What this task involves
Exclude the pictures and set down, unaltered, the lines from the one that holds "African american man" through the end of the data.

Source material
------------------------------------------------------------

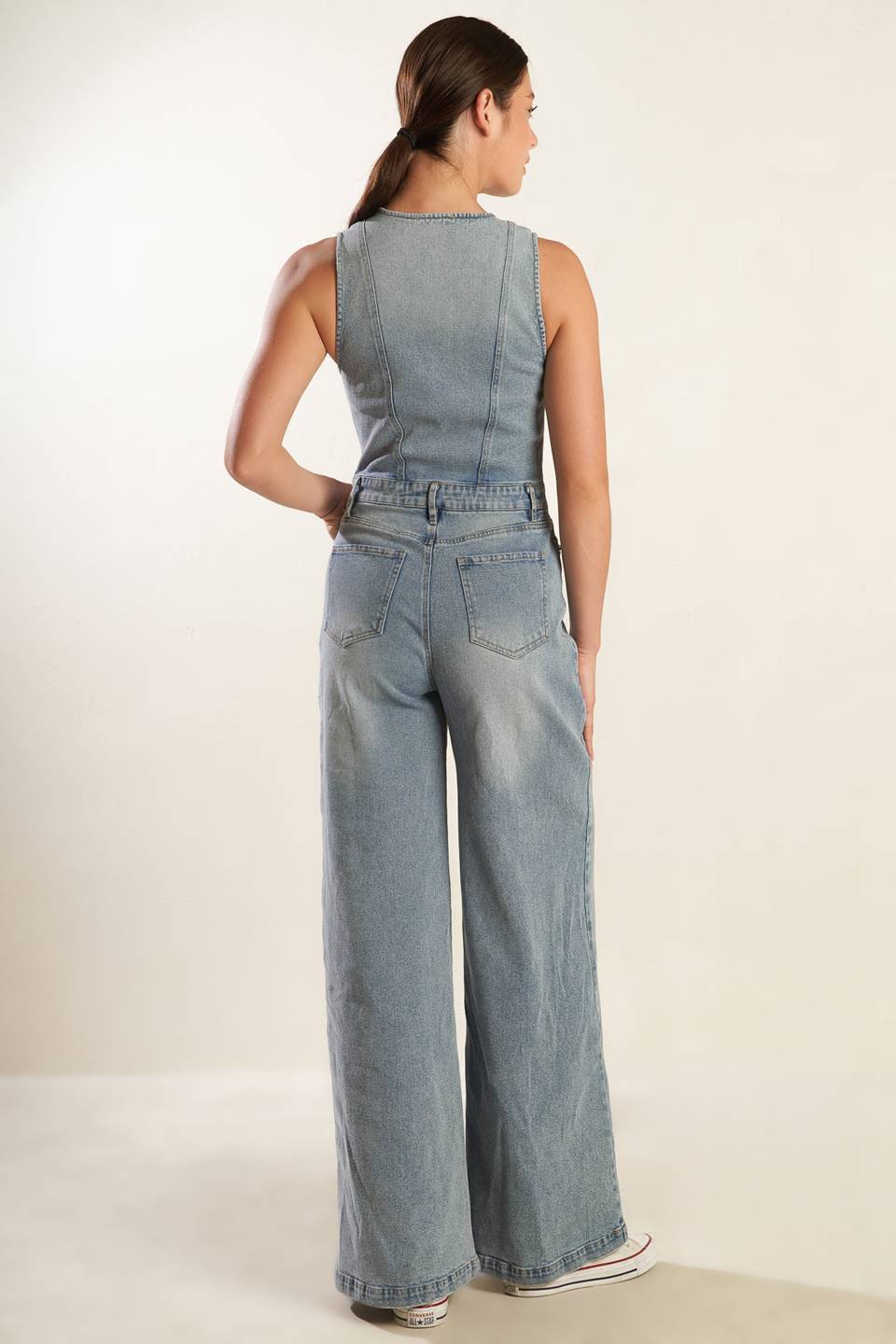 A washed light denim jumpsuit featuring V neckline, sleeveless, button down bodice, front zipper closure, side and back pockets and wide leg.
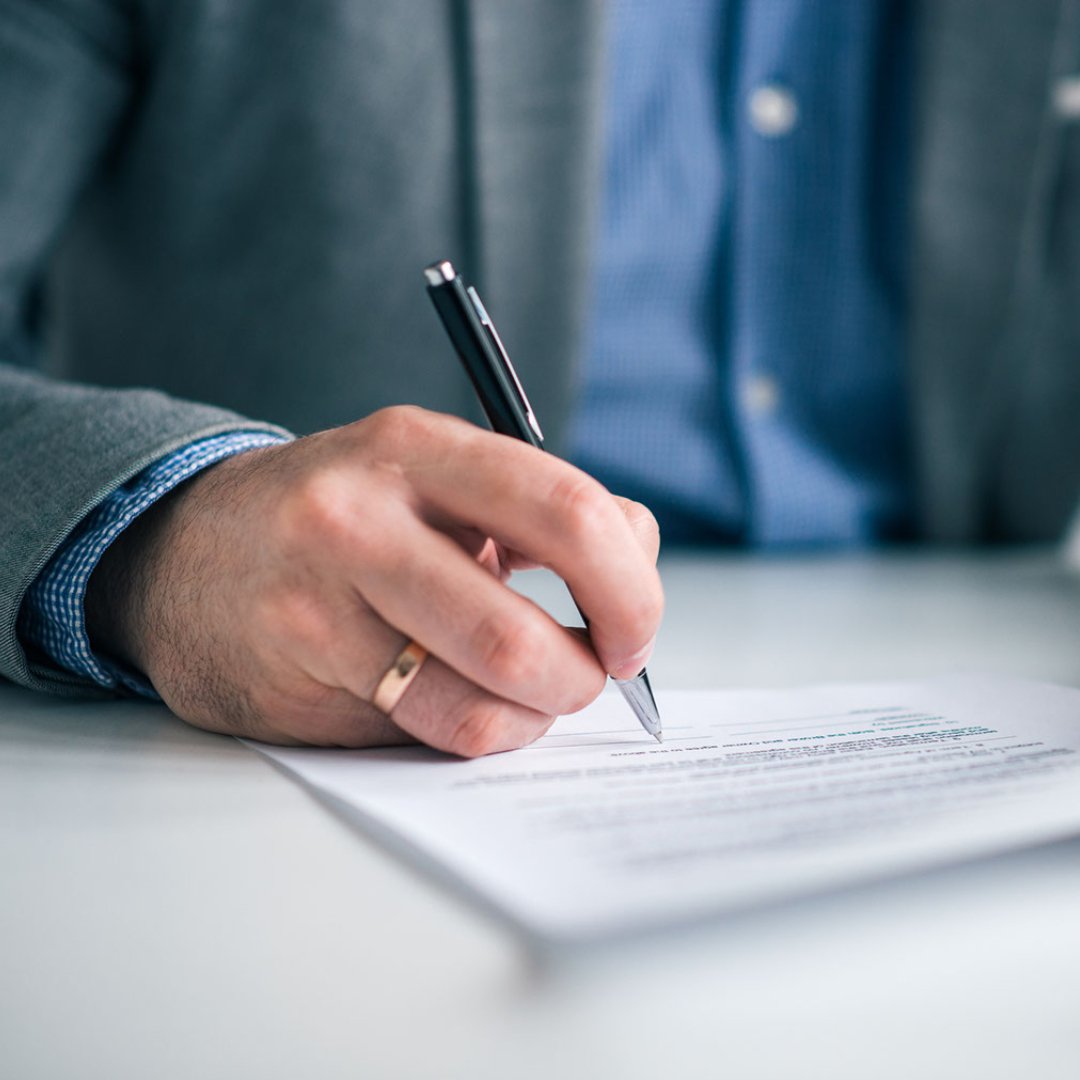 Man's hand signing a contract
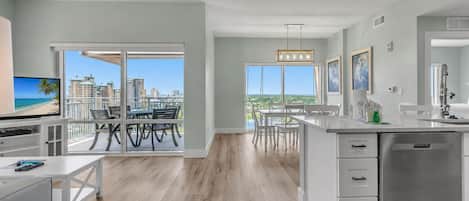 Una cocina moderna con una isla grande, un comedor con vistas y un balcón con vista a la ciudad.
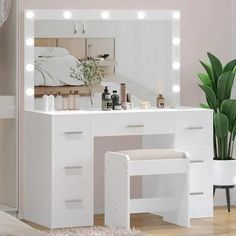 a white vanity with lights on it and a mirror in the corner next to a bed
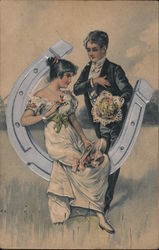 A Man and a Woman With a Horse Shoe and Flowers Postcard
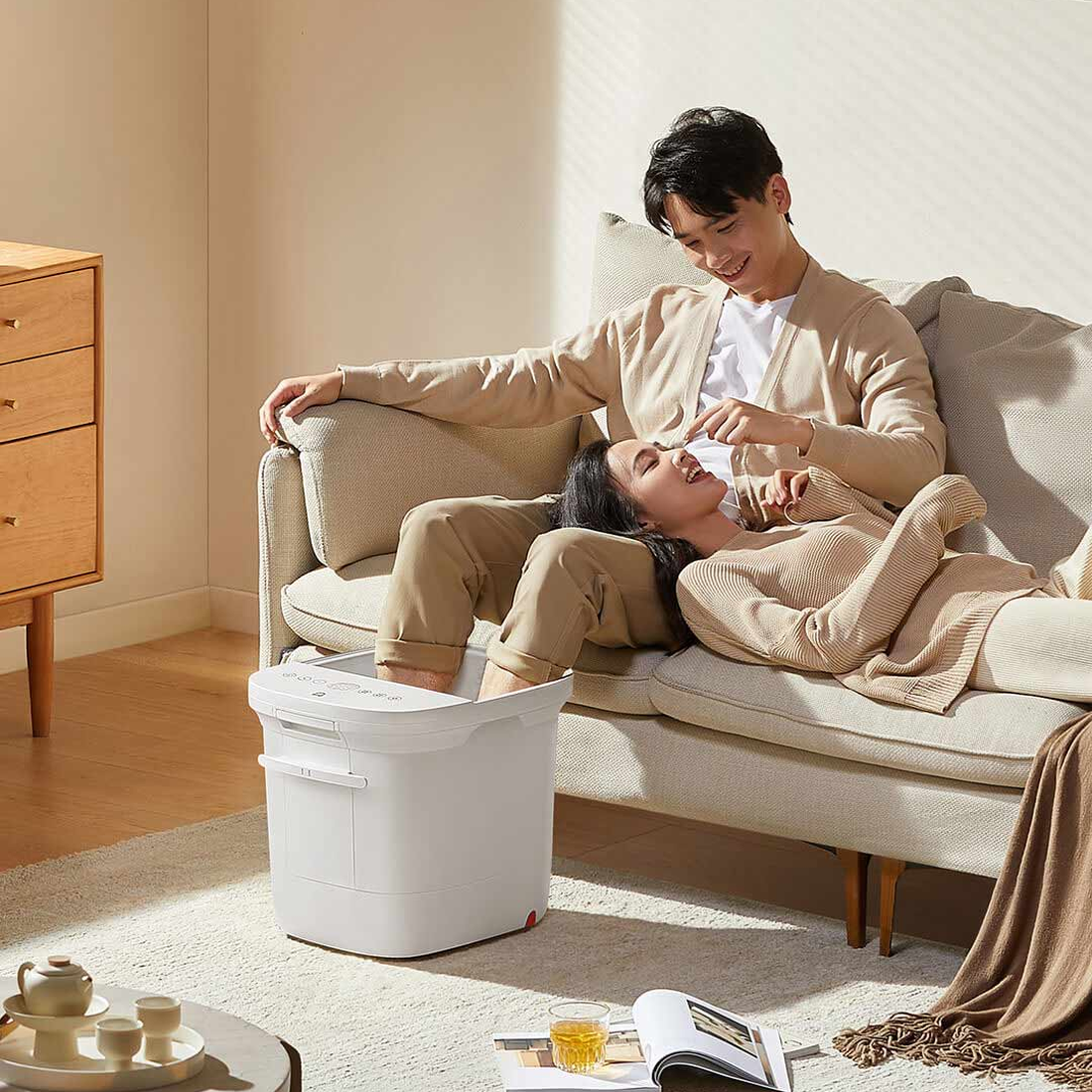 Xiaomi White foot bath beside an armchair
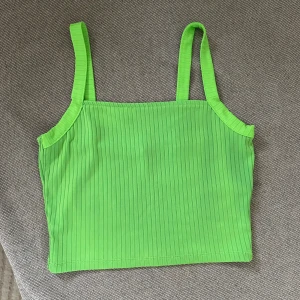 Grön ribbad linnetopp - Säljer en snygg grön ribbad linnetopp med smala axelband. Perfekt för varma dagar och en färg som verkligen sticker ut. Passar bra till både jeans och kjol. 🌿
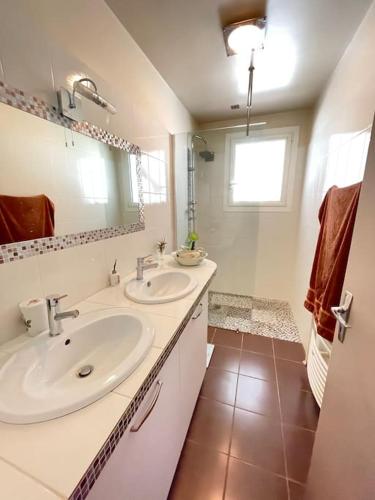 une salle de bain avec deux lavabos et un miroir dans l'établissement Maison Bellevue, à Fumel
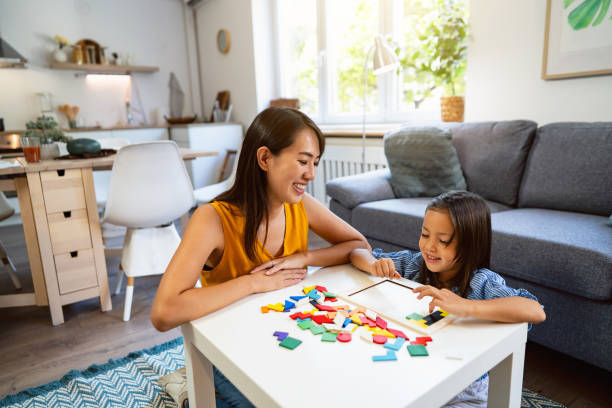 istock Mother and daughter Japanese ethnicity playing with multii-colored puzzles 1663326402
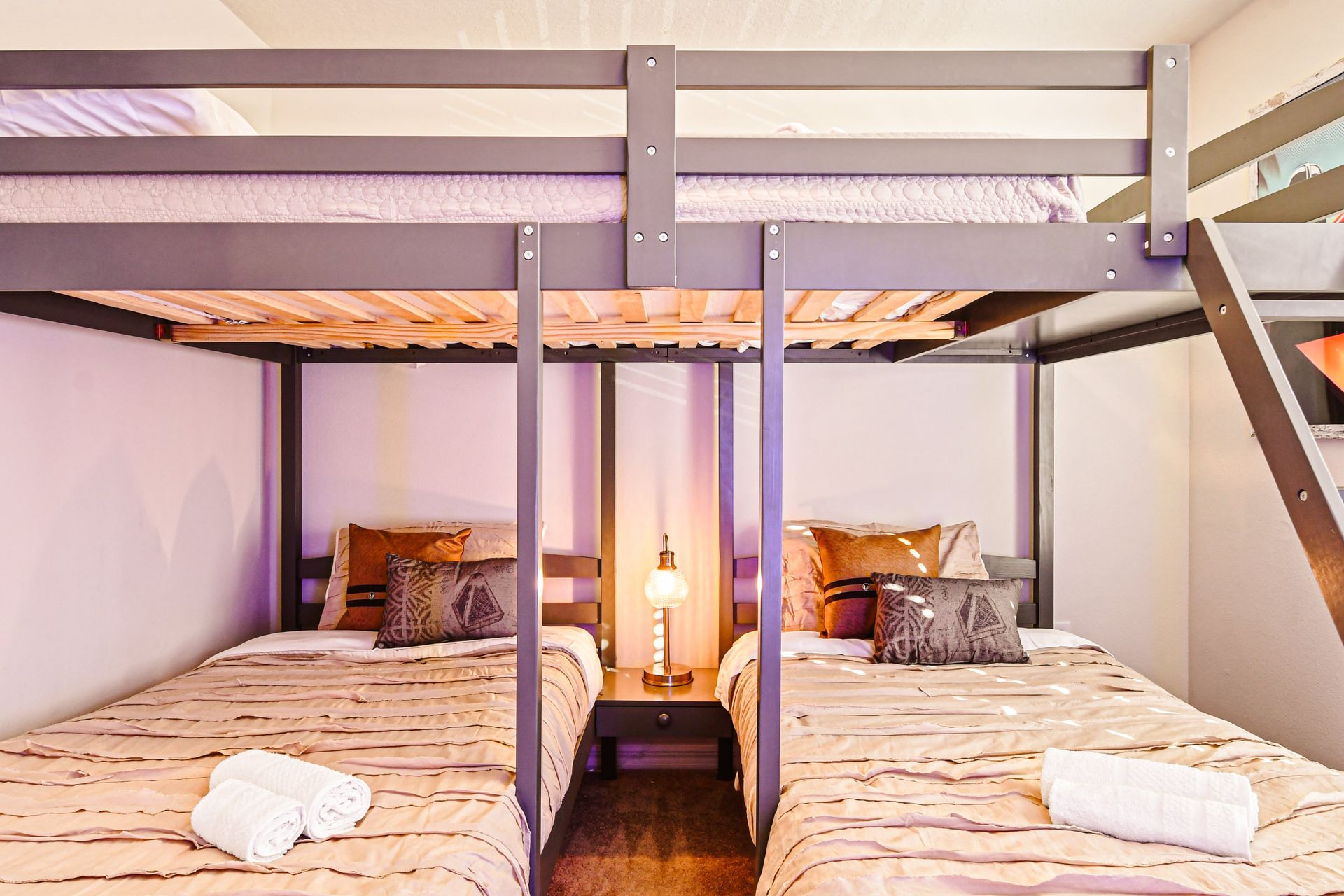 A bunk bed setup with one full bed on top and two twin beds below.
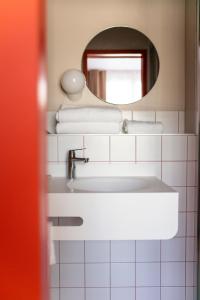 a bathroom with a sink and a mirror at Hôtel Ô Rouge Gevrey-Chambertin - Teritoria in Gevrey-Chambertin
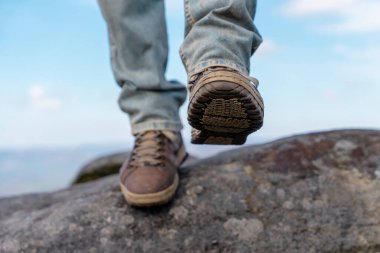 Özel botlu bir adam dağlarda yürüyor. Varış noktasına ulaşıyor. Güneşli bir günde mavi bulutlu gökyüzüne karşı Peak District dağının zirvesinde.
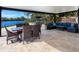 Covered patio with seating area, overlooking canal at 5508 Dinah Ln, Sarasota, FL 34231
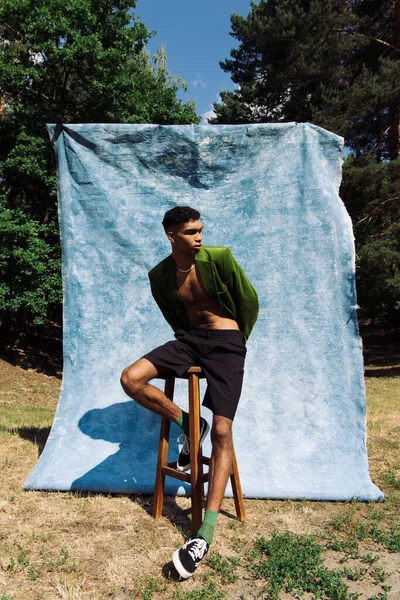 African american man in green blazer and back shorts posing on stool near blue drape in forest — Stock Photo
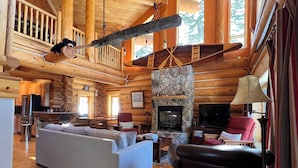 A cozy log cabin interior with a stone fireplace, wooden furniture, and a large window overlooking the outdoors.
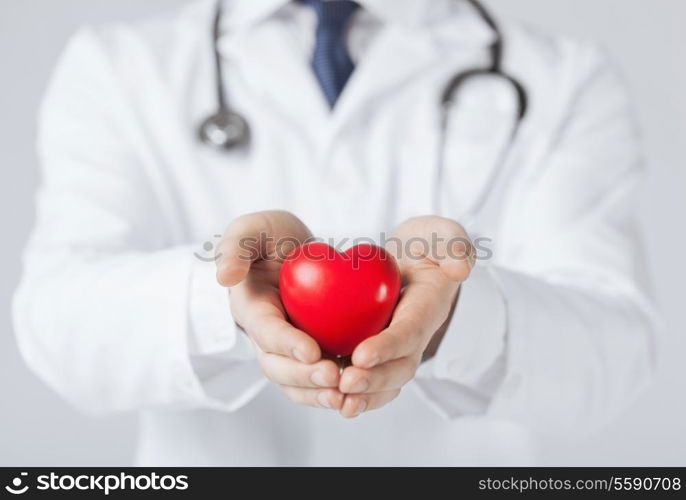 close up of man hands with heart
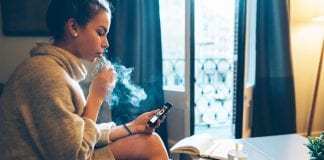 girl vaping at home on phone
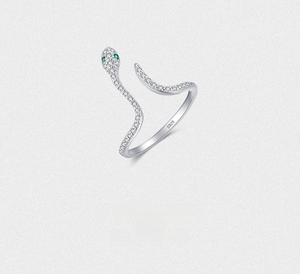 Close-up of S925 sterling silver snake ring with pavé crystals and green gemstone eyes
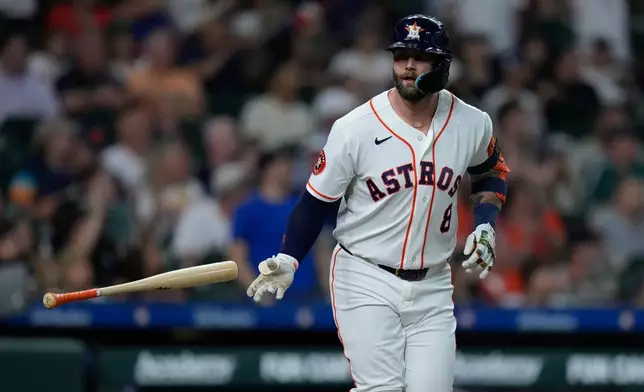 Houston Astros' Christian Walker tosses his bat after hitting a solo home run during the second inning of a baseball game against the Colorado Rockies, Tuesday, April 14, 2026, in Houston. (AP Photo/Kevin M. Cox)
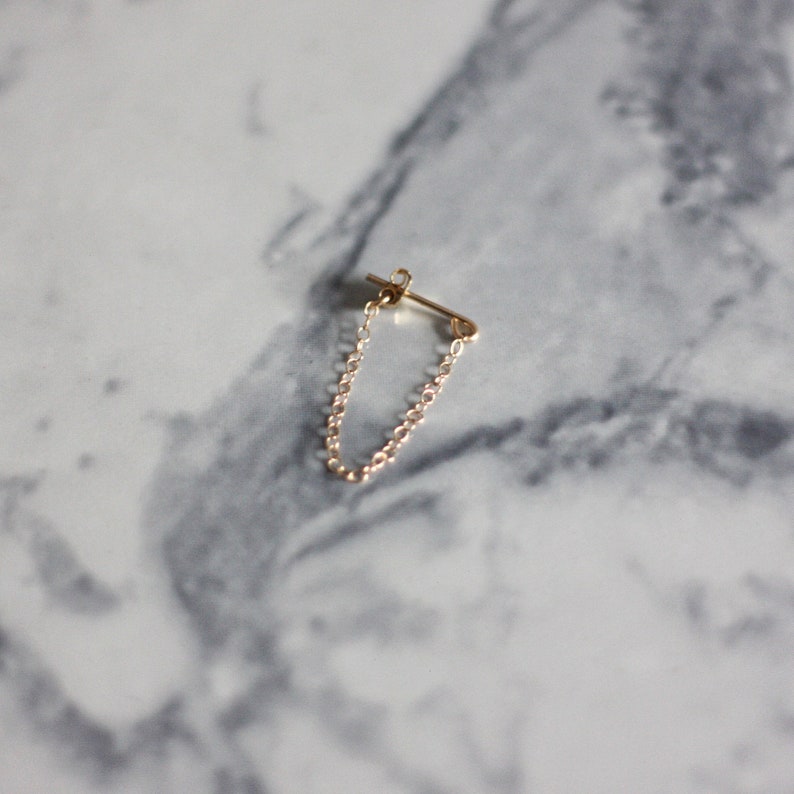 May include: A single gold-colored earring with a chain. The earring has a post for insertion into the ear and a delicate chain that dangles below. The earring is set against a marble background.
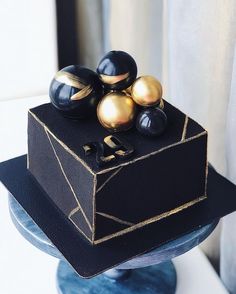 a black and gold square cake on top of a blue pedestal with three golden balls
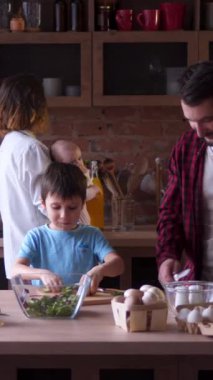 Mutlu bir aile yemeği, evde yemek için sebze doğrama, işbirlikçi ve keyifli bir mutfak deneyimi. Dikey video.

------------------------------------------------------------

Solution below
 African american man in green blazer and back shorts posing on stool near blue drape in forest — Stock Photo
 A cozy log cabin interior with a stone fireplace, wooden furniture, and a large window overlooking the outdoors.
 close up of man hands with heart
 girl vaping at home on phone
 Close-up of S925 sterling silver snake ring with pavé crystals and green gemstone eyes
 Houston Astros' Christian Walker tosses his bat after hitting a solo home run during the second inning of a baseball game against the Colorado Rockies, Tuesday, April 14, 2026, in Houston. (AP Photo/Kevin M. Cox)
 May include: A single gold-colored earring with a chain. The earring has a post for insertion into the ear and a delicate chain that dangles below. The earring is set against a marble background.
 a black and gold square cake on top of a blue pedestal with three golden balls
 Mutlu bir aile yemeği, evde yemek için sebze doğrama, işbirlikçi ve keyifli bir mutfak deneyimi. Dikey video.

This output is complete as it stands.